• **WHAT IS REQUIRED**: Take the material below and extract the lines from the one with "Zsolnay cracked-ox blood glaze vase" through the one with "Brown-Navy Blue Chenille", word for word, without pictures.

-- MATERIAL SUPPLIED follows --

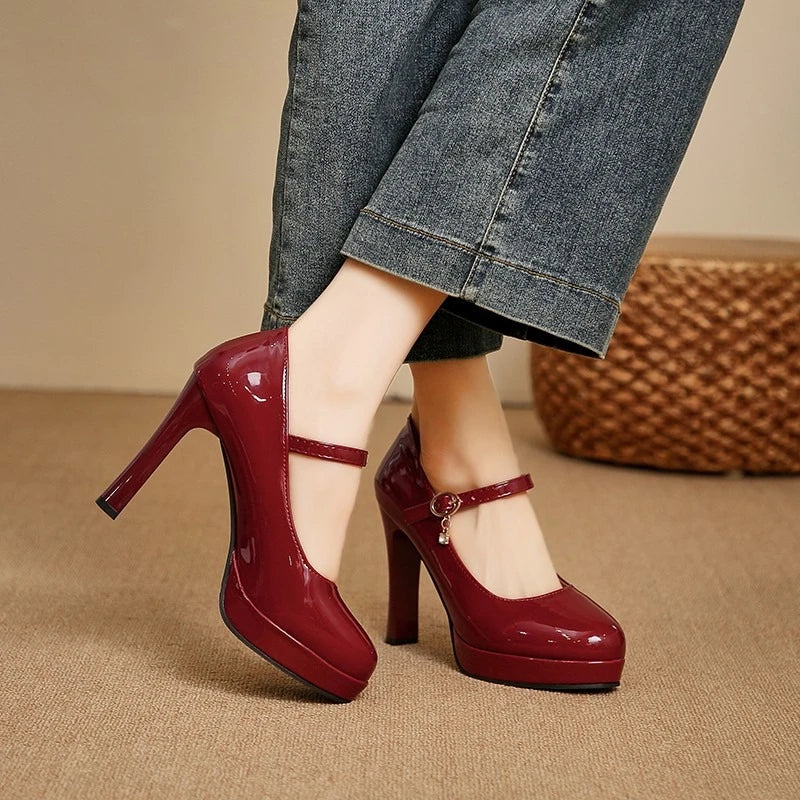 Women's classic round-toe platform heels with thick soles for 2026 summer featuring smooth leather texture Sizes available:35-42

-- MATERIAL SUPPLIED concluded --
-- MATERIAL SUPPLIED follows --

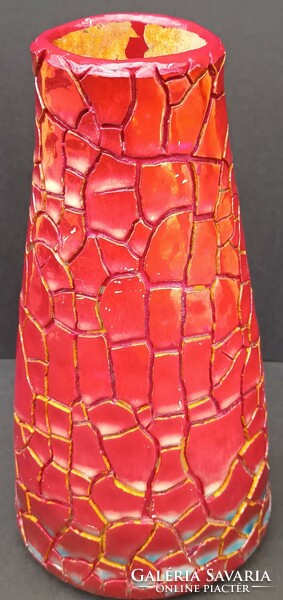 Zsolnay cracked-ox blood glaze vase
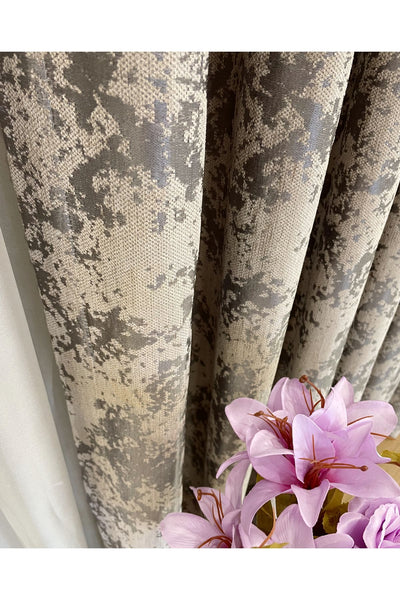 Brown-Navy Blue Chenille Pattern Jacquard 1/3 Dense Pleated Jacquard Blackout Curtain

-- MATERIAL SUPPLIED concluded --

• **WRITTEN ANSWER**:
 Zsolnay cracked-ox blood glaze vase
 Brown-Navy Blue Chenille Pattern Jacquard 1/3 Dense Pleated Jacquard Blackout Curtain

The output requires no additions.